In 2003, the band released their first full-length album with Interscope Records, 8 Bit Monk. The review on MSN's Entertainment section said of the album that it "tends to meander in Woven's self-created safe zone between electronic and alt rock", and that the band had upped the groove and removed much of the subtlety it displayed on Eprime. For the album, the band re-enlisted the Irish mixer Steve Fitzmaurice. The album was self-produced by Woven, with additional production by Steve Berlin of Los Lobos and Alan Elliott.

"My Conditioning" and "Soul Fossa", two songs off 8 Bit Monk, gained song placements on CBS's television series CSI: Crime Scene Investigation.

In support of 8 Bit Monk, Woven toured with Dredg, Buckethead, The Apex Theory, Mellowdrone, They Might Be Giants and Wu-Tang Clan's Raekwon among others as well as headlining their own shows and tours.

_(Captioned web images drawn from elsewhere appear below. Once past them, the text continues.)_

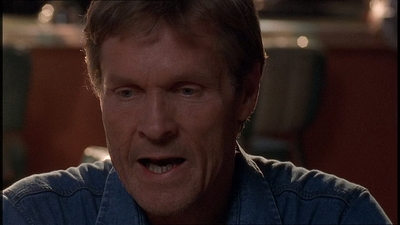 ROSWELL_-_E1X21_THE_WHITE_ROOM_109.jpg
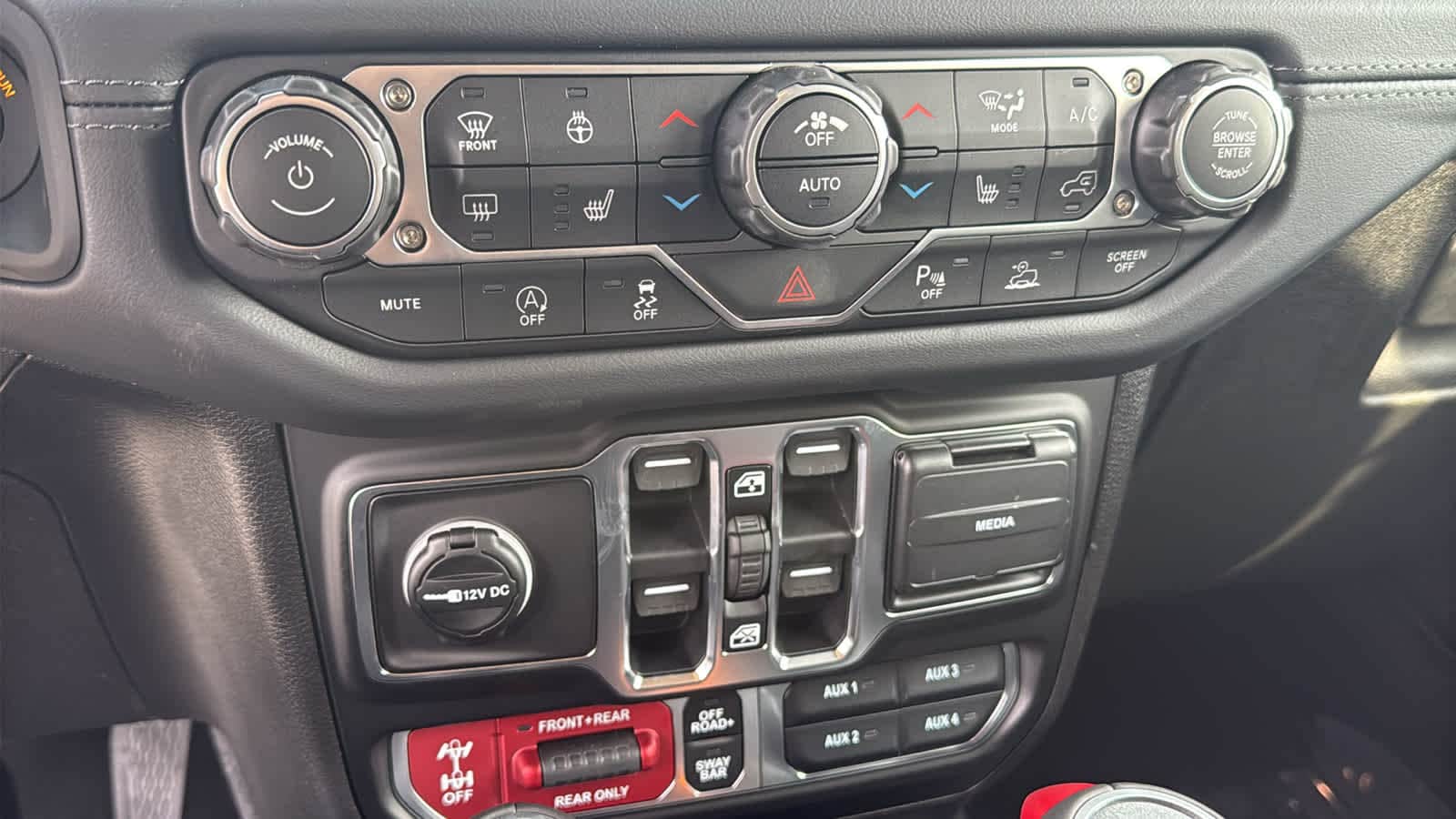 Thumbnail: 2026 Jeep Wrangler - 14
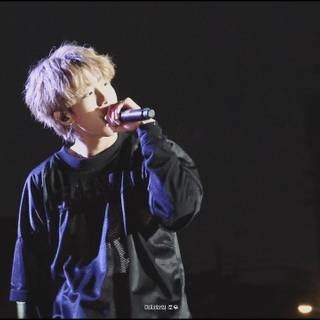 Han Jisung desktop wallpaper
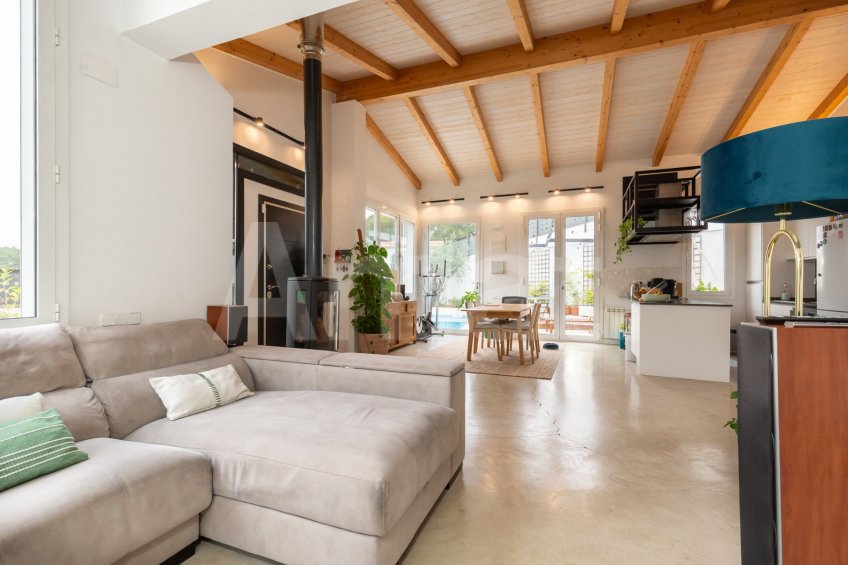 Bonica casa reformada amb molt d'encant -9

Woven guitarist Steve Abagon has performed with Perry Farrell and contributed guitar tracks for folk-rock veteran Rickie Lee Jones on her album, The Sermon On Exposition Street. Ory Hodis, Woven's  second vocalist and guitarist has also recorded guitar tracks on Perry Farrell’s 2001 solo electronica record, Song Yet To Be Sung. Singer/bassist Jonathan Burkes has continued to collaborate with both Steve and Richard Abagon, in the electro-rock bands Piel and A Reminder, respectively. 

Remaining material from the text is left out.